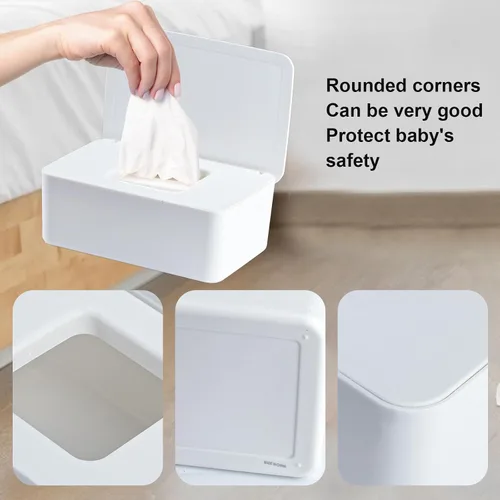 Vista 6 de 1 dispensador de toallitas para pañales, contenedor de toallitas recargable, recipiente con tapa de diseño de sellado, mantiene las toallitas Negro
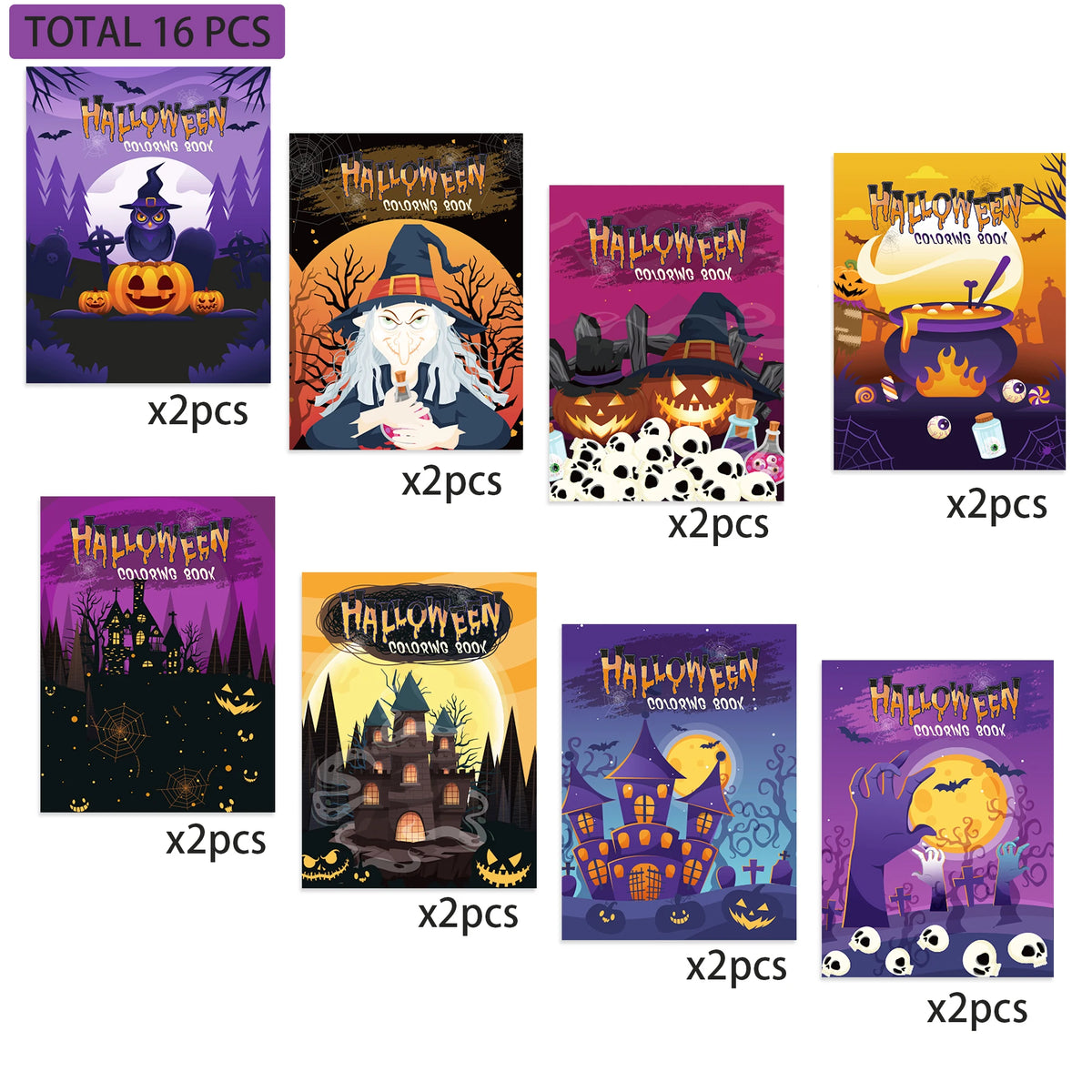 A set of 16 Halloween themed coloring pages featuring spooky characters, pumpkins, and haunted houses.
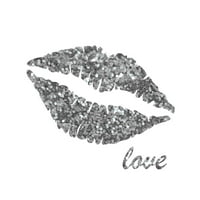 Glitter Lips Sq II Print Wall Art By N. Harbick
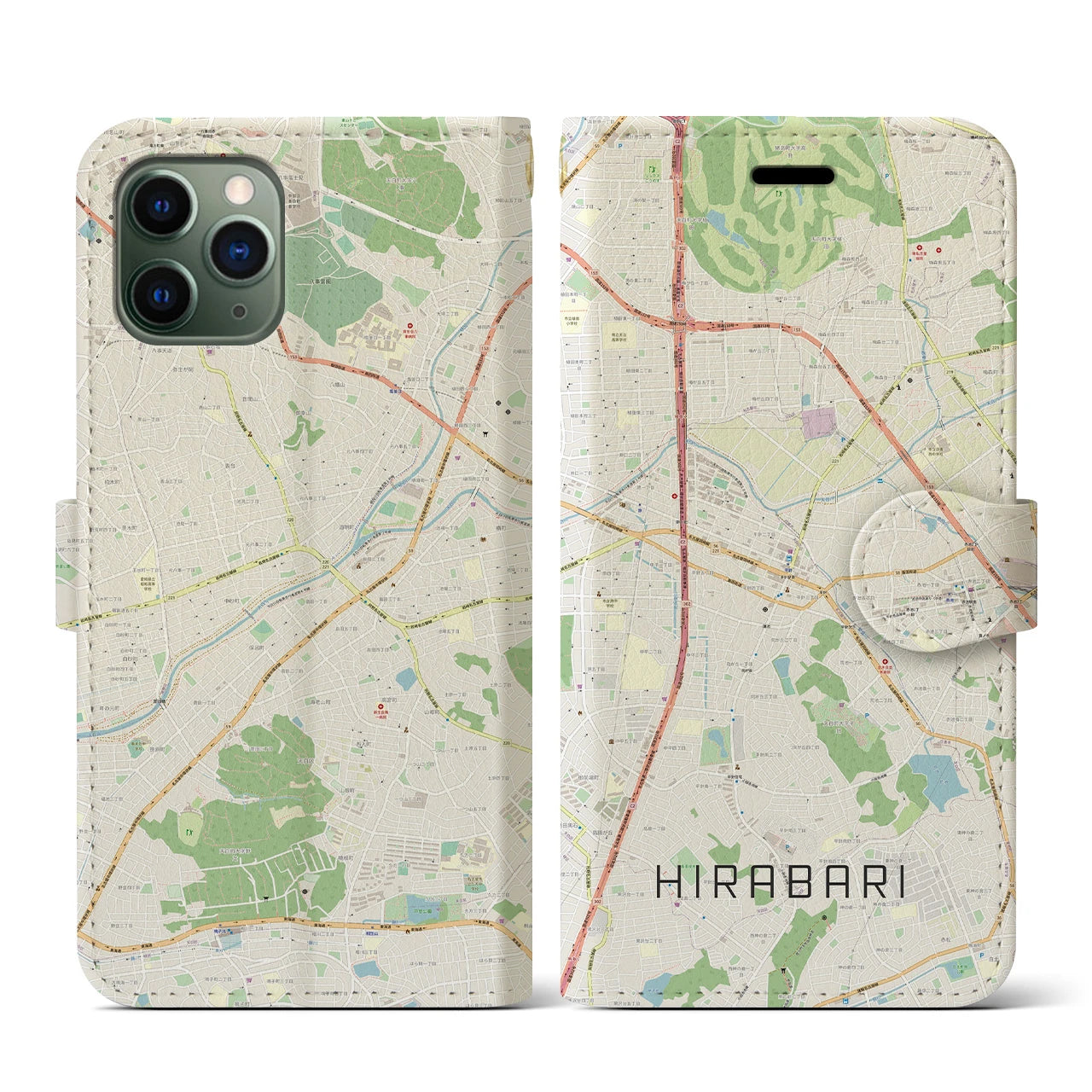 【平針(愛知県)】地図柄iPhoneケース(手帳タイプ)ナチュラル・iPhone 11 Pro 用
----
* [Work required]: Retype all of the listing above exactly, but keep its pictures out.

* [Answer to the problem]:
 Vista 6 de 1 dispensador de toallitas para pañales, contenedor de toallitas recargable, recipiente con tapa de diseño de sellado, mantiene las toallitas Negro
 A set of 16 Halloween themed coloring pages featuring spooky characters, pumpkins, and haunted houses.
 Glitter Lips Sq II Print Wall Art By N. Harbick
 【平針(愛知県)】地図柄iPhoneケース(手帳タイプ)ナチュラル・iPhone 11 Pro 用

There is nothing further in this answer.